Troianovski claims Kolomoisky left the Ukraine for Switzerland in 2017. This  isn’t true;  Troianovski failed to research Kolomoisky’s history of residence in Israel, Crimea, Switzerland, and France.   Troianovski reports on an FBI investigation of Kolomoisky, but provides no substantiation and is ignorant of its origin or substance; here’s where that started four years ago.  

He is also unaware of the financing which Kolomoisky’s and Zelensky’s domestic rivals have pumped into Washington lobbying, the Clinton family, and think-tanks like Brookings and the Atlantic Council to promote themselves. Here’s the Yulia Tymoshenko story; the Victor Pinchuk story;  and the Dmitry Firtash story.

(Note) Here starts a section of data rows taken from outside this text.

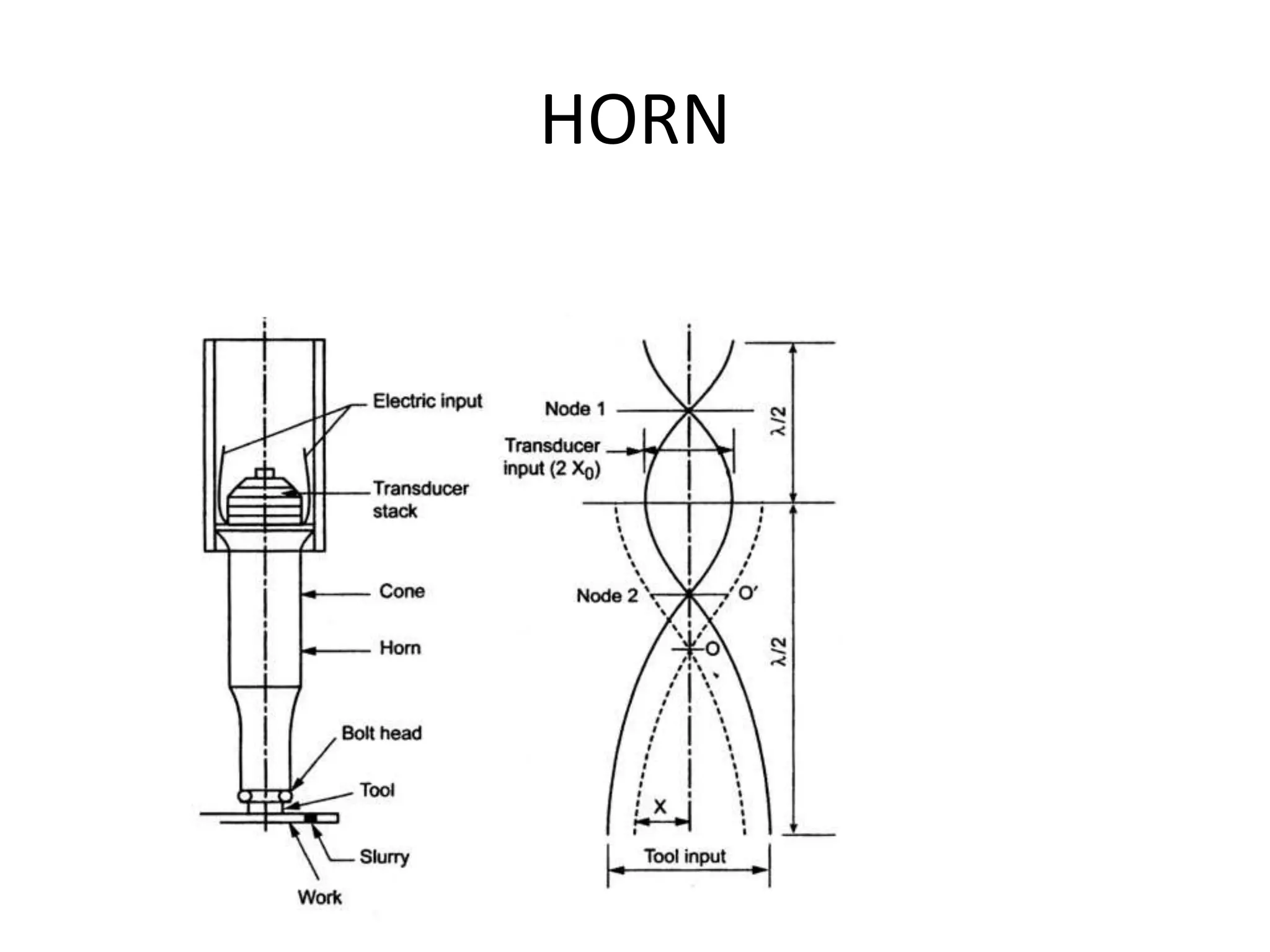 HORN
 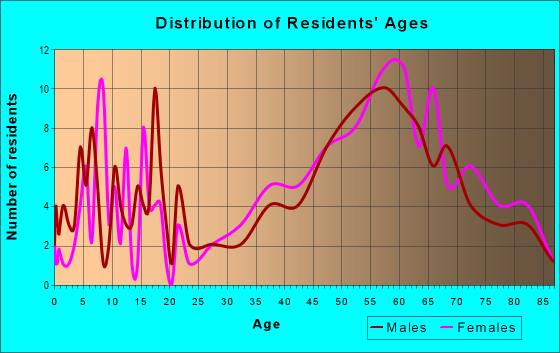 Age and Sex of Residents in zip code 03227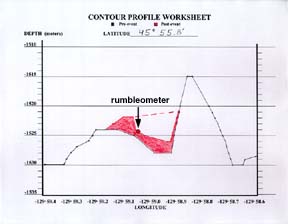 completed profile worksheet #3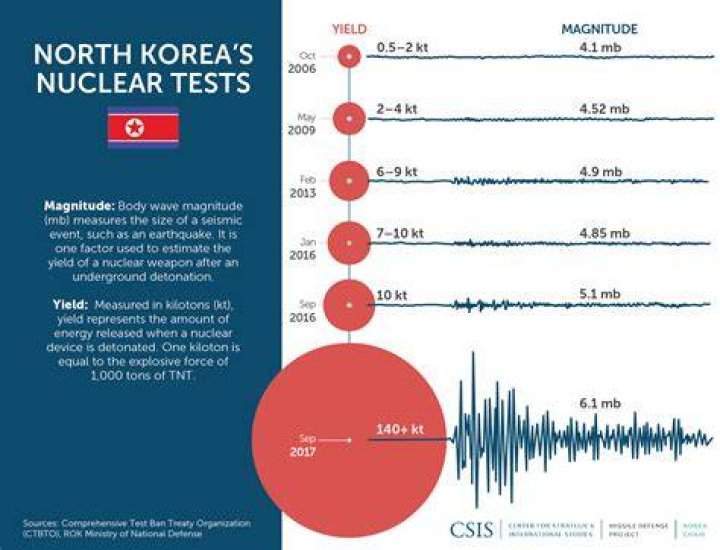 Is North Korea doing nuclear testing?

Troianovski reports on the International Monetary Fund’s funding terms for Ukraine, regularly endorsed by the US Treasury, but Troianovsky has read no document nor asked a source; here’s how and when that story began in June 2014; Troianovski’s named sources on Kolomoisky are the current US Ambassador in Kiev, and ex-US officials Fiona Hill and George Kent testifying in the Congressional proceedings against President Donald Trump; for Hill’s credibility, read this

Troianovski omitted to ask Kolomoisky what he knows about the Burisma oil and gas company and its place in the influence peddling and favour-trading of the Biden family in the Ukraine. Kolomoisky’s knowledge of the Clinton family’s financial links to the Ukraine was also not a subject of the New York Times’s curiosity, nor of Troianovski’s when he worked for the Wall Street Journal and the Washington Post

Troianovski’s black-out and the New York Times’ editorial policy were calculated to ignore what Kolomoisky had explicitly told the Ukrainian media, print and television, last May.   “There is so much interesting information that everyone will be interested [to know]”, Kolomoisky had said. “I believe both U.S. and our law enforcers. And they will be very interested.”

The Ukrainskaya Pravda interview was conducted in Russian; source: https://www.pravda.com.ua

Troianovski and his editors couldn’t have missed the invitation for them to follow up. It was published in English last month by their rival, the Washington Post.  

Instead, the New York Times started its story with the editorial comment that there is a “de facto war between Ukraine and Russia — a fight, many here say, to shake off the shackles of a colonial master and to move closer to the West. A crucial figure in the effort was a billionaire named Ihor Kolomoisky, who spent millions of dollars to field and equip fighters and helped stop the Russian advance in 2014.”   The story ends with Kolomoisky making threats. 

That was the punch-line.

Kolomoisky may be the biggest Ukrainian bank robber the FBI has ever pursued, or he may not be. But until a few weeks ago, when he began to threaten the US Government’s strategy of “war against Russia to the last Ukrainian”, and an alliance between Kiev and Moscow to deploy Russian tanks in shooting range of the Polish cities of Cracow and Warsaw, he was a US asset. Now the newspaper in New York has arranged for Kolomoisky to place himself in the bull’s-eye as America’s Public Enemy Number One.